A disseminação da falsa teoria de que as urnas eletrônicas não são confiáveis e a tentativa nada republicana de controlar pela força as atividades eleitorais só não terão a repercussão desejada, se o apoio popular a esse discurso for rompido. Não se trata de tarefa fácil. Estamos aprisionados nesse tempo suspenso de um país que não consegue realizar suas promessas de bem viver. Alterar práticas disseminadas de violência ostensiva ou disfarçada, como aquela que até hoje nega efetividade ao dever de motivação da dispensa ou justifica piadas e brincadeiras que reforçam uma subjetividade escravista e homofóbica, demanda tempo, investimento em educação transformadora, reajuste da nossa linguagem e de nossas práticas cotidianas.

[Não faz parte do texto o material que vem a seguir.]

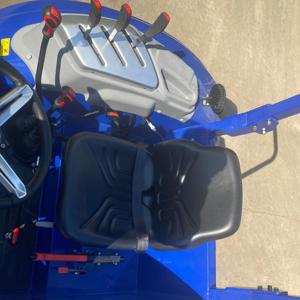 Tractor 4x4 de 75HP con cabina de lujo, conforme a las normas de la UE, con certificado COC, apto para uso agrícola. - Product Image 2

Exige, sobretudo, a recuperação de um horizonte revolucionário completamente abandonado no quadro político tradicional.
Na música que serve de epígrafe para esse texto, há um trecho que diz “minha alma resiste, meu corpo é de luta, eu sei o que é bom, e o que é bom também deve ser meu; a coisa mais certa tem que ser a coisa mais justa; eu sou o que sou, pois agora eu sei quem sou eu”. Eis a hora de descobrir quem se é. Se queremos realmente construir uma outra subjetividade, que atue para combater essas tantas violências, temos um longo trabalho pela frente. O medo sempre foi mobilizado contra todas as tentativas de mudança. Não há aí novidade. Mas antes de nós, outros já re-existiram, em condições bem mais adversas.

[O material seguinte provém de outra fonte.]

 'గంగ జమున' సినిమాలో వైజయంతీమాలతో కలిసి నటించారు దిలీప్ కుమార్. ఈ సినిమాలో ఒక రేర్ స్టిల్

Uma sociedade diferente não surgirá da eleição, especialmente porque não existem propostas concretas que indiquem avanços no sentido de superação dessas violências naturalizadas. Seria tempo de radicalizar o discurso por mudanças estruturais mais profundas. Isso não compromete, de qualquer modo, a importância da possibilidade de votar contra a evocação perversa e entusiasta dessa subjetividade escravista. E de exigir o respeito ao voto, impedindo o golpe e toda a violência que ele poderá aprofundar. É urgente fazer valer a Constituição, para então poder avançar, pois há muito a fazer. O que importa é perceber que 2022 é tempo de mudança e ela começa pela explicitação do que não iremos mais suportar.
Valdete Souto Severo é juíza do trabalho e professora universitária.